Love this idea, Savannah! I know that our depressing experiences weren't the same, but in a way, I know exactly how you feel and find myself in the same position. I know my Bible and what it says, but I'm finding it difficult to lean in and on its promises after all the struggles. Some days are better than others, but overall, I'm not satisfied. I'm having a hard time trusting it all.

Samantha Mann said...

what a beautiful way to share your journey. i almost teared up when i read about your hurts in 2013 and the beginning of 2014. i am so sorry, savannah, i didn't know! i think this is a wonderful way to dig 'deep'-er and (if possible!) i have even more respect and admiration for you!

cm said...

My dear Savannah - I'm light years behind in commenting, but know (and I believe you do) that I think of you, and send prayers your way, every day!
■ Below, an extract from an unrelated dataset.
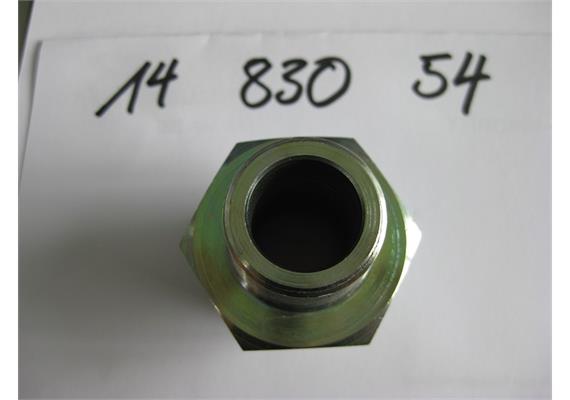 Reduziernippel Stahl 3/4" AG x 1" 60° AG | Bild 3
I'm applauding your courage, initiative and ambition in sharing these very personal, very real, very sincere goals and experiences with us. Your commitment to this journey is one of healing for you, and inspiration for us. Your willingness to dig deep, and deeper, is a message that is taking hold within me right now. Placing trust in your journey of listening to God's 'directions' for you will lead to 'light.' You've spent time in the darkness, so perhaps this is a key part of the map to healing...Proud of you, sweet Savannah! You're such a gift!